Write down, unchanged, the entries from the first line through the line holding "Xiaomi Redmi Note 14 Pro 256 GB Blue". Include no other line.

═══ DATA SHOWN

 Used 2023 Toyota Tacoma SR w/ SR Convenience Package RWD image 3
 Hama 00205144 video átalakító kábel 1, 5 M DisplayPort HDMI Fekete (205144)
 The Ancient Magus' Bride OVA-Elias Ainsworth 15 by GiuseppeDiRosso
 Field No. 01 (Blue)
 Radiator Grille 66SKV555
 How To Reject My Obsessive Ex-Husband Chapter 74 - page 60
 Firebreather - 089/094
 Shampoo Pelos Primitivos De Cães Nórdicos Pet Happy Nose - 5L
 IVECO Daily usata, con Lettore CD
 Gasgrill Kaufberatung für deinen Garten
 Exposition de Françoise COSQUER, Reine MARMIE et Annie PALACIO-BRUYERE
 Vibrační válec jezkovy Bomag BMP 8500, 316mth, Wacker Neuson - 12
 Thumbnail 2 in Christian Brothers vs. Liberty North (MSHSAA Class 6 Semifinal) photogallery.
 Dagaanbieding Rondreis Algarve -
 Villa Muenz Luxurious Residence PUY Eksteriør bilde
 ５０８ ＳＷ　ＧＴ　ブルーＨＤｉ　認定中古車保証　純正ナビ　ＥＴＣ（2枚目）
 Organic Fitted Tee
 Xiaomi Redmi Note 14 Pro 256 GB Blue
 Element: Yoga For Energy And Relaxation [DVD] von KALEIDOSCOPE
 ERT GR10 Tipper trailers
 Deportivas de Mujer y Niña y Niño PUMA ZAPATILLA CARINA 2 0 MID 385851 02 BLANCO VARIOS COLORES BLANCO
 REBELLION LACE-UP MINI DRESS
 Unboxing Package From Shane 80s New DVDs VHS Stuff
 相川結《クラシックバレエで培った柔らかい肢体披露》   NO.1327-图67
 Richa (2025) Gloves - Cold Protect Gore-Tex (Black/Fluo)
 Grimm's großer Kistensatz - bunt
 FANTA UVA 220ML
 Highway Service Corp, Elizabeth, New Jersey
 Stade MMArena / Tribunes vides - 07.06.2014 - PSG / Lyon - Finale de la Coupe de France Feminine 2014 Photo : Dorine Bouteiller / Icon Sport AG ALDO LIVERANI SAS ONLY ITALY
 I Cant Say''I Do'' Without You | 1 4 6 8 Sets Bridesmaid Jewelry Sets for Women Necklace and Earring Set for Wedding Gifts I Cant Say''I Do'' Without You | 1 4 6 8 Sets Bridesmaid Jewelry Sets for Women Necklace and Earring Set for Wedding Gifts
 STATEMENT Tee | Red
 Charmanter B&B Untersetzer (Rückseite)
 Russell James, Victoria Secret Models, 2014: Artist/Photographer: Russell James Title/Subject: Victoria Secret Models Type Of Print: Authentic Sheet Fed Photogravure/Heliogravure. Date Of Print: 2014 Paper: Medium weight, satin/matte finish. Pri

══════

_TASK RESULT_
 Used 2023 Toyota Tacoma SR w/ SR Convenience Package RWD image 3
 Hama 00205144 video átalakító kábel 1, 5 M DisplayPort HDMI Fekete (205144)
 The Ancient Magus' Bride OVA-Elias Ainsworth 15 by GiuseppeDiRosso
 Field No. 01 (Blue)
 Radiator Grille 66SKV555
 How To Reject My Obsessive Ex-Husband Chapter 74 - page 60
 Firebreather - 089/094
 Shampoo Pelos Primitivos De Cães Nórdicos Pet Happy Nose - 5L
 IVECO Daily usata, con Lettore CD
 Gasgrill Kaufberatung für deinen Garten
 Exposition de Françoise COSQUER, Reine MARMIE et Annie PALACIO-BRUYERE
 Vibrační válec jezkovy Bomag BMP 8500, 316mth, Wacker Neuson - 12
 Thumbnail 2 in Christian Brothers vs. Liberty North (MSHSAA Class 6 Semifinal) photogallery.
 Dagaanbieding Rondreis Algarve -
 Villa Muenz Luxurious Residence PUY Eksteriør bilde
 ５０８ ＳＷ　ＧＴ　ブルーＨＤｉ　認定中古車保証　純正ナビ　ＥＴＣ（2枚目）
 Organic Fitted Tee
 Xiaomi Redmi Note 14 Pro 256 GB Blue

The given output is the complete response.